How's this for a Hollywood ending? A woman moves across the country from her home in Virginia to Los Angeles with her husband and lands an impressive, 25-years-plus career in the film business. And for the sequel, she turned Transylvania into Beatlemania.
With more than two decades in PR, first at Warner Bros., then at Paramount, Nancy Kirkpatrick has earned a reputation as a big-picture strategist who remains unflappable while directing campaigns for Tinseltown's legendary egos. Today, she is president-worldwide marketing for Summit Entertainment and best known as the guru/guardian of the Twilight film franchise.
"She has this uncanny ability to put herself into the head of a 13- to 25-year-old woman or an 18- to 35-year-old male or any demographic," says Striker Entertainment president Russell Binder, who manages Twilight's licensing program.
Kirkpatrick, 54, first realized the strength of Stephenie Meyer's young-adult literary property in early 2008 when she attended a bookstore event at the ungothly hour of 10 a.m. "I drove to Pasadena and a line of 1,500 people were waiting to hear her do this reading," Kirkpatrick says, sounding stunned. "And I went, 'OK, maybe we have a shot here.'"
Some $383.5 million in worldwide box office sales later—not to mention riot-inducing mall appearances—Kirk-patrick has turned a vampire-meets-girl story starring virtual unknowns Kristen Stewart (Bella) and Robert Pattinson (Edward) into a huge hit.
Nevertheless, Twilight's success was far from a slam dunk. Summit was hardly a big-name studio. (It was best known, if at all, for flops Penelope and Sex Drive.) Moreover, Twilight wasn't an "It" film during the early-2008 shoot, Kirkpatrick insists, despite the novels' success. "When we pitched set visits, entertainment press weren't interested," she says. "People forget that these kids were complete unknowns in an unknown movie; we had to turn them into movie stars."

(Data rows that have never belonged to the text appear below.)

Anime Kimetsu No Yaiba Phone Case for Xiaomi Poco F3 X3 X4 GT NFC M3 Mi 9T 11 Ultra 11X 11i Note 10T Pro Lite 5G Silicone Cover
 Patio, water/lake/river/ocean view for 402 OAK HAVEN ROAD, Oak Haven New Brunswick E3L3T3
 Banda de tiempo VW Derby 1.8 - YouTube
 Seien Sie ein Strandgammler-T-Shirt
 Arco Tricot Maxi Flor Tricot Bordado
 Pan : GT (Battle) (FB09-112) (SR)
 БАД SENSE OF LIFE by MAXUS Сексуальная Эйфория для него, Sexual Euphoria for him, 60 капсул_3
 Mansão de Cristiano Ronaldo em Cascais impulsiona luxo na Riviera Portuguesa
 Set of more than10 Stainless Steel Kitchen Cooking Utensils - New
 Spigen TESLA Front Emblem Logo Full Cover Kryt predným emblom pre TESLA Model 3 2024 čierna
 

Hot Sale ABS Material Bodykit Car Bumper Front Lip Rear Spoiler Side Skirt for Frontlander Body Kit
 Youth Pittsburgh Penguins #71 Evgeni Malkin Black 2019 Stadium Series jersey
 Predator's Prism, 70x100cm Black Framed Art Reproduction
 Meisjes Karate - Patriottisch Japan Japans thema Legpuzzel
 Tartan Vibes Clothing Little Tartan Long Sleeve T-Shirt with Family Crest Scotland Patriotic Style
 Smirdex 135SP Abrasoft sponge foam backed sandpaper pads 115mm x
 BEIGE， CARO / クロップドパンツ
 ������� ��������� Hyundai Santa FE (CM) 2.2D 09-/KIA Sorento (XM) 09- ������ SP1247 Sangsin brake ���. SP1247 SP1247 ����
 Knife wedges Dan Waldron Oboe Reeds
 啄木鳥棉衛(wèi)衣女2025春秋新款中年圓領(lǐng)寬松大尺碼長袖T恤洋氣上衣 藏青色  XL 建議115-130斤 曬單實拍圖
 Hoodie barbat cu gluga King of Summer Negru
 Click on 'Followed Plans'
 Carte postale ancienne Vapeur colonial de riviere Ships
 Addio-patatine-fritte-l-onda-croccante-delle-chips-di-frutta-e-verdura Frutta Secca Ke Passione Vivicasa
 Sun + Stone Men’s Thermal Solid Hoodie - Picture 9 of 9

Meyer's connection with female fans was central to Summit's outreach. "People want to live in that world" is how Kirkpatrick describes the bond she wanted to extend to marketing.
Meyer did readings and answered questions on her MySpace page. The studio "just continued and expanded" this relationship by sharing info with fans, first online and even on set. Kirkpatrick says the decision to work with a single creative agency, L.A.-based Cimarron Group, was deliberate to ensure a strategic, cohesive program.
In May 2008, Summit released a teaser trailer to pique curiosity and build buzz for the love story. Mission accomplished. "People started going, 'Whoa, what is this?'" recalls Kirkpatrick, whose internal marketing team includes svp-creative advertising Tim Sommerfeld, svp-media Gail Heaney and evp-marketing Jack Pan.
But Comic-Con would be the real indicator of whether the flick could fill seats. Kirkpatrick recalls pulling up one Wednesday night in July to beat the midday traffic for her Thursday panel. Droves of diehards were staked out—she wondered who had the fortune of such fanaticism. "I walked over and it was for Twilight!" she says, still sounding genuinely shocked one year later. "It was a miracle [that] glass didn't shatter because of the screaming at our panel."
In the fall, marketing moved in on males and played up Twilight's action aspect. Then, weeks before the opening, "Robsten" et al. were dispatched to various malls for a Twilight Tour coinciding with the launch of movie merchandise at Hot Topic, which got four to six weeks of exposure in windows and boutiques inside the 600-plus stores. The wristband "pass" needed to access the appearances required purchasing a $30 Twilight Tee. Hot Topic's CEO credits the program with saving sales during a slump.
By Nov. 21, as the movie hit screens, the target audience was well primed, and a franchise about the undead came alive, thanks to some smart marketing.